By virtue of its brevity, short administration time, and sensitivity to change following relevant interventions, the RSCSE has utility for a number of clinical applications. The three domains can function as targeted areas within multicomponent interventions. The subscale(s) having the lowest rating can guide therapists or facilitators of intervention groups to the area(s) of focus, while serving as indicators for monitoring responsiveness to the intervention. The literature does not yet support use of a specific cut-off score or clinically meaningful change score. Our tentative recommendation based on experience with samples of help-seeking caregivers is that subscale mean scores below 70 merit attention within treatment settings, with 10-point improvements signifying important gains in confidence to manage important aspects of caregiving. Investigators should explore cut-off scores and indicators of clinically significant change in future research.
All these considerations stem from the present review, which, though extensive, has limitations that are worthy of attention. Because our review focused solely on works published in English language journals, we have omitted several translations and adaptations of the RSCSE that may be useful to potential users. Moreover, the inclusion criteria established for our review precluded consideration of adaptations for use with caregivers of other conditions besides dementia. Taking these limitations into account, we must be cautious about generalizing the conclusions to broader samples of caregivers.
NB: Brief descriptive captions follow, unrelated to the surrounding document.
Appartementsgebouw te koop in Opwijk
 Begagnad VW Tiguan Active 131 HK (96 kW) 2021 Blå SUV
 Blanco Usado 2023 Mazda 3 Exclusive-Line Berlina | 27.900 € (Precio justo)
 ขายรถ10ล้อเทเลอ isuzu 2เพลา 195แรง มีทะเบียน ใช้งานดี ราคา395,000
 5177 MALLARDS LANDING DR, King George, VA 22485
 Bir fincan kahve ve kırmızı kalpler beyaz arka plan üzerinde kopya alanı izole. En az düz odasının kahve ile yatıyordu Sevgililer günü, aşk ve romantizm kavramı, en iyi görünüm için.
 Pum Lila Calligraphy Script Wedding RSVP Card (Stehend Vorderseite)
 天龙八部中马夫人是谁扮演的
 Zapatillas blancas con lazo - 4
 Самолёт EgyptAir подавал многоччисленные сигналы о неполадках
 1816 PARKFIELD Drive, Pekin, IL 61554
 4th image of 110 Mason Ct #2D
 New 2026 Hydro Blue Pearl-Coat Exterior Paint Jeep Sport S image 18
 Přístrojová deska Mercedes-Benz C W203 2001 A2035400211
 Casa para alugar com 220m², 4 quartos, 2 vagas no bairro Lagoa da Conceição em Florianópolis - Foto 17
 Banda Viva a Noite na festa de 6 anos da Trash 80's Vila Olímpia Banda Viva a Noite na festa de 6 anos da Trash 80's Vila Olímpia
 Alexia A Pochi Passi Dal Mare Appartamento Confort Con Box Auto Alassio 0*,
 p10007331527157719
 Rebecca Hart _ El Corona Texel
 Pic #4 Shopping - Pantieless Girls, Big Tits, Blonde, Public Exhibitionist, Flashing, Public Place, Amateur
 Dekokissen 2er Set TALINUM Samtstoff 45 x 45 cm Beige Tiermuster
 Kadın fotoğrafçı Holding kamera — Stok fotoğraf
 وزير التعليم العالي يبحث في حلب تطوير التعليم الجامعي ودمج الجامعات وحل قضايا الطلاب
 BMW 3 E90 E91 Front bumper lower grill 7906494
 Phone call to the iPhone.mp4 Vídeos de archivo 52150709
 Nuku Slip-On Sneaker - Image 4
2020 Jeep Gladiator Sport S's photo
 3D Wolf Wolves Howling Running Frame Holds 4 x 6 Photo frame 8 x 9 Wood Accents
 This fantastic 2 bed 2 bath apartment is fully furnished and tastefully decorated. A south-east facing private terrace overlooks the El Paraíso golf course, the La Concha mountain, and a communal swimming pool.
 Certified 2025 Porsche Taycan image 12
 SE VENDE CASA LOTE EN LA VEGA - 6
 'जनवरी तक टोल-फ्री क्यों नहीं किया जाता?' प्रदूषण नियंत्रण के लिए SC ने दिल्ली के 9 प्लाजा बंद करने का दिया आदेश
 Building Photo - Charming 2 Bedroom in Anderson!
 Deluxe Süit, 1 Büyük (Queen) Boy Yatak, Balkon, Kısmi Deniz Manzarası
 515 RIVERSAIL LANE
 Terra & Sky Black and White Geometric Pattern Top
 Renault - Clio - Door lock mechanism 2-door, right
In summary, the reliability and validity of different translations of the Revised Scale for Caregiving Self-Efficacy appears solid and supports continued use of this measure with cross-national samples of dementia family caregivers. The use of the scale shows significant benefit within the caregiver intervention research literature; this is important given the growth of caregiver interventions across the cross-national community (Gallagher-Thompson et al., 2012).
Funding
None reported.
Acknowledgments
The authors declare no conflict of interest in the research reported in this manuscript.